=== Short web captions ===

────────────────────

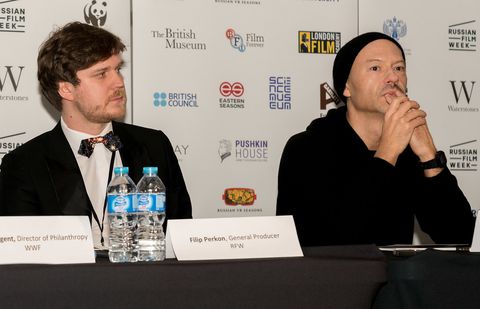 General Producer Filip Perkon at the Russian Film Week 2017 press conference alongside director Fyodor Bondarchuk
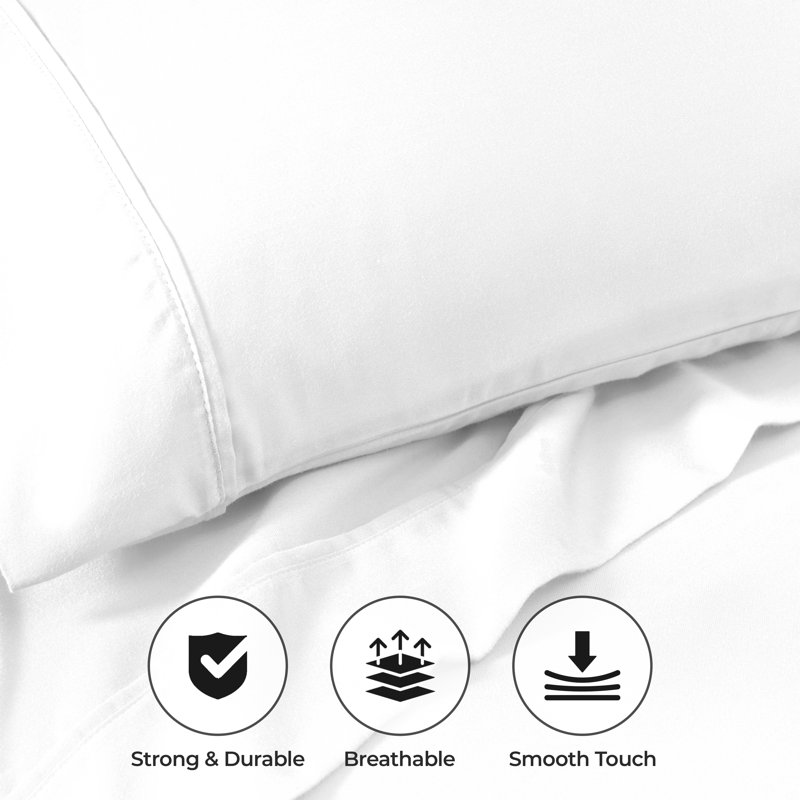 Superior Cotton Blend 800 Thread Count Solid Deep Pocket Bed Sheet Set, White, Split King Sheet Set with 2 Pillowcases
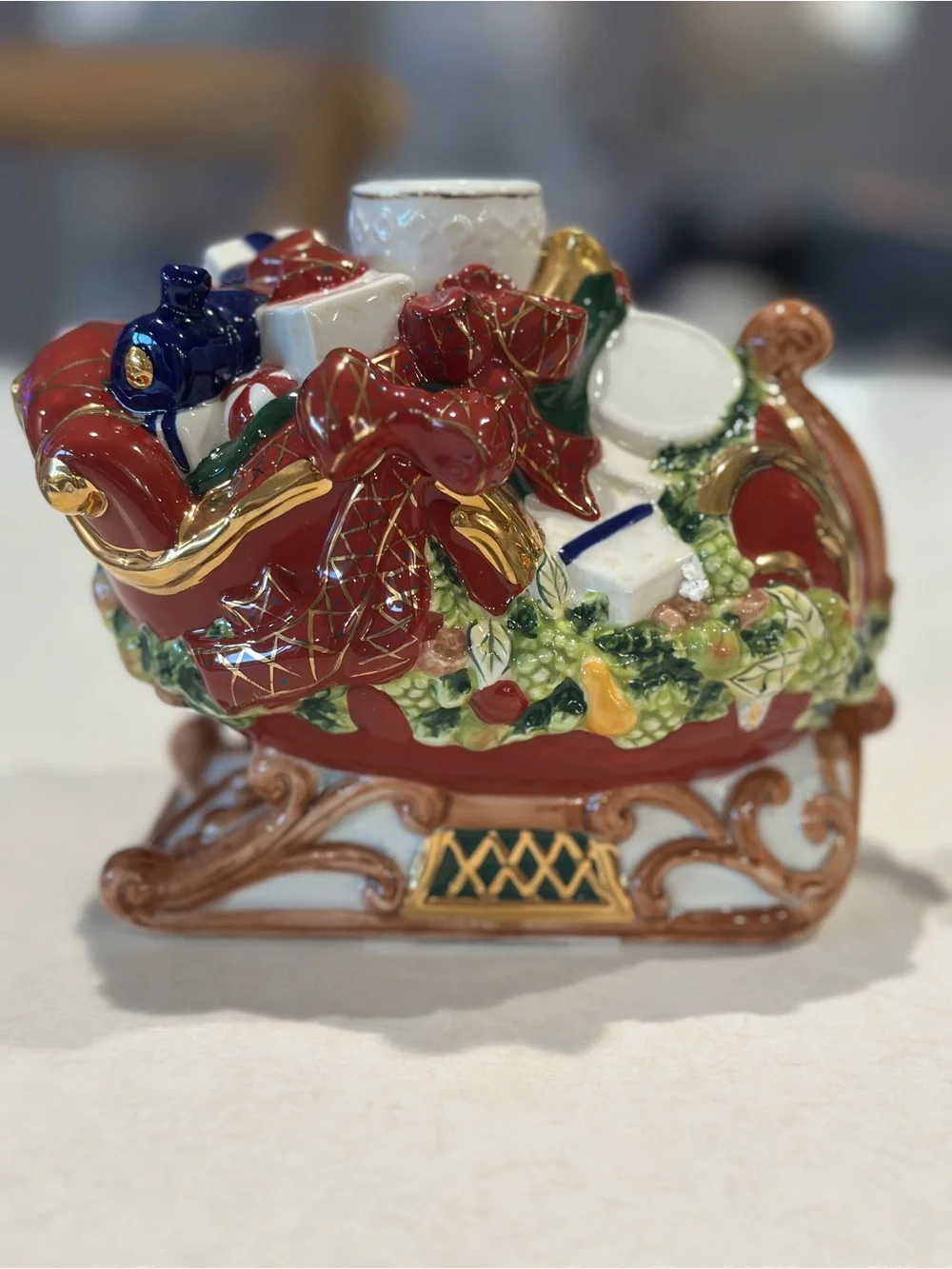 Waterford Holiday Heirloom Red, Gold & Green Reindeer Candle Holders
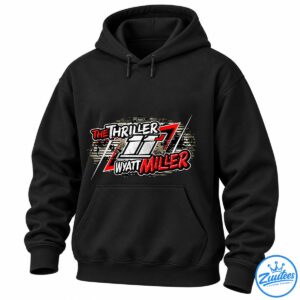 Wyatt Miller The Thriller sprint car racing shirt design with number 11 and distressed red, white, and black graphics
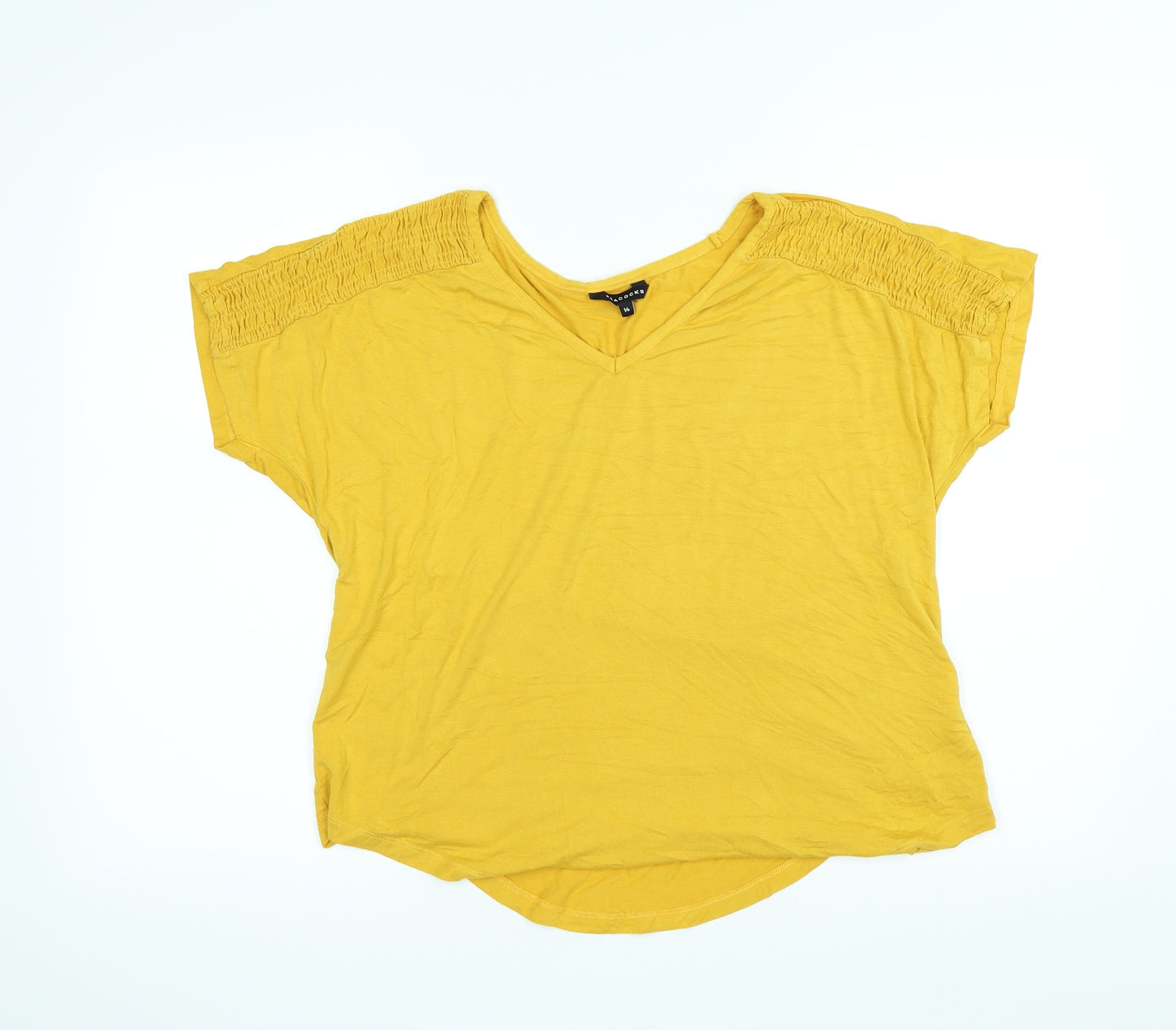 Peacocks Womens Yellow   Basic Blouse Size 14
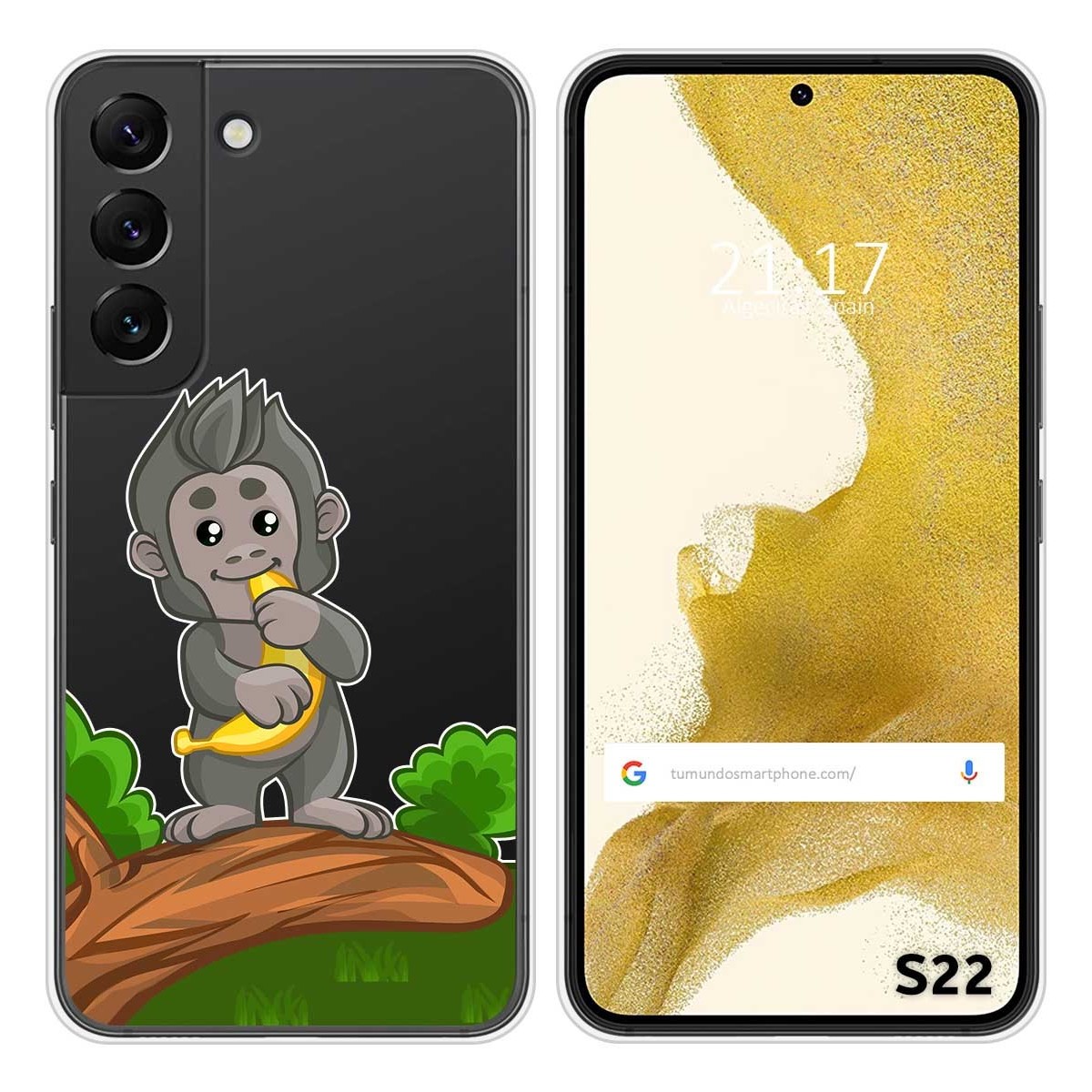 Funda Silicona Transparente para Samsung Galaxy S22 5G diseño Mono Dibujos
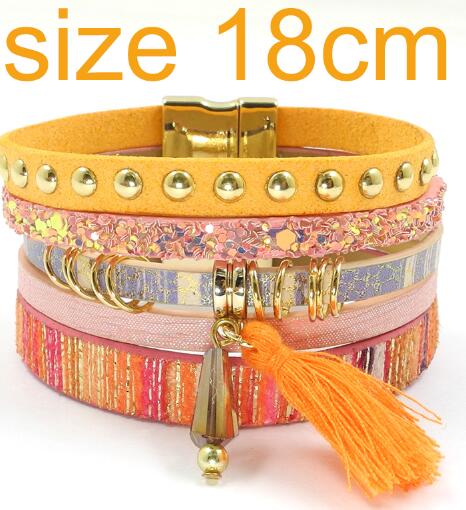 WELLMORE women leather bracelet 6 color bracelets Bohemian chram bracelets for women gift wholesale jewelry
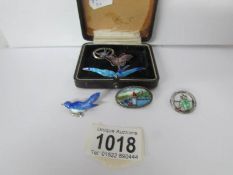 6 silver and enamel brooches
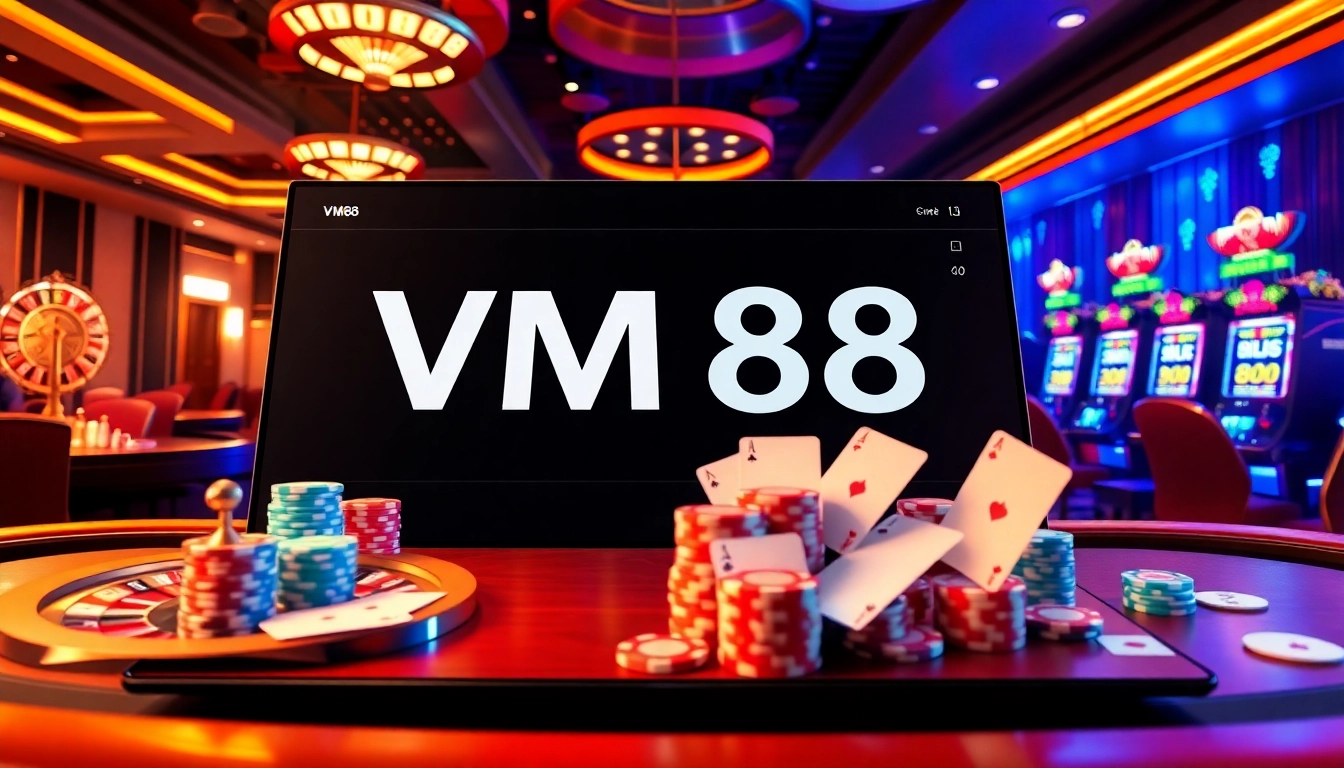 Engaging VM88 online casino interface displaying live betting odds and dynamic roulette wheel spin
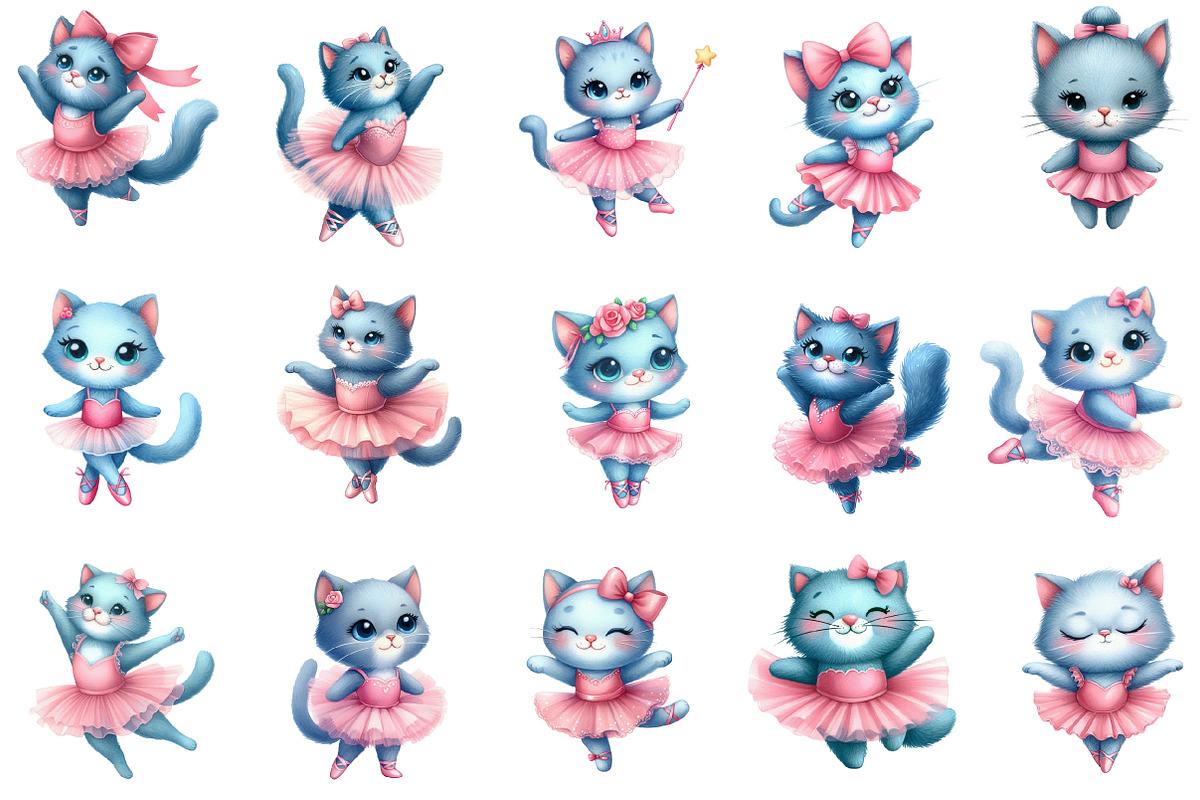 Blue Cat Ballerina Clipart, an Illustration by Designworld (Photo 3 of 5)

────────────────────

Please retype the whole of the data precisely, omitting pictures.

 General Producer Filip Perkon at the Russian Film Week 2017 press conference alongside director Fyodor Bondarchuk
 Superior Cotton Blend 800 Thread Count Solid Deep Pocket Bed Sheet Set, White, Split King Sheet Set with 2 Pillowcases
 Waterford Holiday Heirloom Red, Gold & Green Reindeer Candle Holders
 Wyatt Miller The Thriller sprint car racing shirt design with number 11 and distressed red, white, and black graphics
 Peacocks Womens Yellow   Basic Blouse Size 14
 Funda Silicona Transparente para Samsung Galaxy S22 5G diseño Mono Dibujos
 WELLMORE women leather bracelet 6 color bracelets Bohemian chram bracelets for women gift wholesale jewelry
 6 silver and enamel brooches
 Engaging VM88 online casino interface displaying live betting odds and dynamic roulette wheel spin
 Blue Cat Ballerina Clipart, an Illustration by Designworld (Photo 3 of 5)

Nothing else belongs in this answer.